Since everyone just made New Year’s Resolutions and is constantly posting about their progress on Facebook (good job – you joined a gym!) I’m going to share a progress update from MY mini-bucket list for the year, which I kicked off on my birthday back in October.
One of the items was to roast a whole chicken. I know, especially for someone who cooks as much (and I’d like to think as well) as I do, roasting a bird should be old hat. Yet despite the fact that I routinely make roasts, when I made my list I had never dealt with an entire bird.
Two reasons: CAVITY and GIBLETS.
Just thinking about a chicken’s “cavity” reminds me of the metaphor Chris Farley trotted out in Tommy Boy: I can get a good look at a T-bone by sticking my head up a bull’s ass, but I’d rather take a butcher’s word for it.

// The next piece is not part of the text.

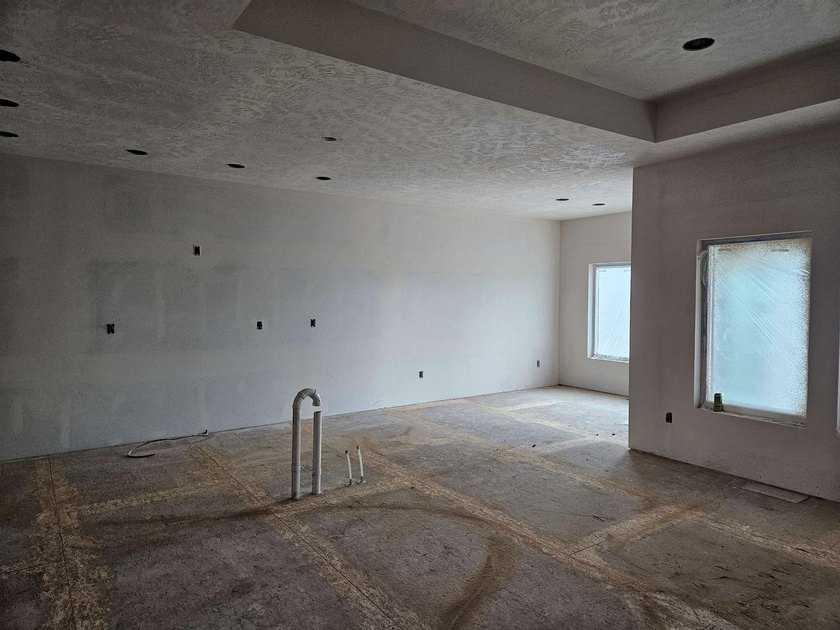Aspen Reserve, here is your opportunity. So lovely and unique - photo 3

You understand now, right?
Something about watching my hand disappear into a chicken, unsure if “giblets” await, makes me a bit queasy. Maybe I’d be more comfortable with a turkey, where I could open that sucker up and get a good look before losing my elbow to it?
And the word GIBLETS? That just implies that you aren’t even dealing with real anatomical parts – it’s more like a bag of mystery parts that have no real anatomical names. As in: This grab-bag contains one ovary, half a liver, four inches of intestines, a spleen-ish looking item and what might be a fallopian tube.
Now that I think about it, maybe I’m scarred from the Thanksgiving when I was in college and the house of guys living next door to us invited my roommates and me over for dinner. The meal itself was great, but I still remember opening our back door that morning to find what we thought was a severed penis on our stoop. (It was during the height of Lorena Bobbitt and in my defense, none of us knew what a turkey neck looked like.)
In any case, I bit the bullet and decided to make a chicken for our New Year’s Eve dinner this year. I thought it would be nice to ring in the year with one more item crossed off my bucket list. As it turns out, I got lucky with the bird – it was organic and the giblets were already removed so the cavity was as clean and smooth and vacant as the Capitol Rotunda on Christmas Day.
That hurdle crossed, I got to the fun part: seasoning the bird. The Thanksgiving turkey that my friend Lisa had made was so addictive that I decided to take a page from her book and prep my chicken with bacon butter.
Here’s the recipe if you want to make chicken that’s like crack. In a food processor, combine until it’s a smooth paste:
- Fresh thyme
- Fresh rosemary
- Fresh sage
- 3 cloves of garlic
- Cooked bacon (I used six strips of center-cut)
- 3 T. Butter (room temp)
Anywhere I could work the skin loose, I slid in a thin layer of this butter. Then I rubbed the entire outside with it before salting and peppering. I stuck half a lemon and a whole bulb of garlic in the (once-scary but now benign) cavity, then criss-crossed the legs and tied them in place like a proper lady to make sure nothing slid out during the roasting. Then I stuck the whole thing on a roasting rack on top of sliced onions.
While it was cooking, I made myself a toasted roll – and spread it with bacon butter. Then I made mashed potatoes – and added some bacon butter. And when it came time to sauté the green beans? You guessed it.
Basically, the entire meal was an ode to bacon butter.
I wish I would’ve taken a photo of the final result for this post because it did Norman Rockwell proud. I mean, that bird was golden and glowing and tasted as fantastic as it looked. I just can’t believe it took me almost half a lifetime to attempt it.
Now if only I can find a restaurant that makes bacon butter sushi…
Just the smell alone must have left half the block feeling warm and cozy!
Completely forgot about that turkey neck. Definitely had no idea what that was. Good old Tim Duff.
So… bacon, then.
Well done, you. The question is… how did the cat feel about it?
“What does the roasted chicken say?!”
I have yet to roast a bird of any kind on my own. I do now make homemade chicken noodle soup, which does involve braising an entire chicken (sans giblet packet) in broth. The first time I did it, the carcass floated to the top in my stockpot and I took a picture of it, sent it to my sister and said, “I feel weird about this.”
Oh everything tastes better with bacon. Good job & congratulations on one more item on the bucket list – done!
Beautiful simile: ” the cavity was as clean and smooth and vacant as the Capitol Rotunda on Christmas Day.” Congratulations.
I think it’s still somewhat lacking, but I’ll run with your congrats.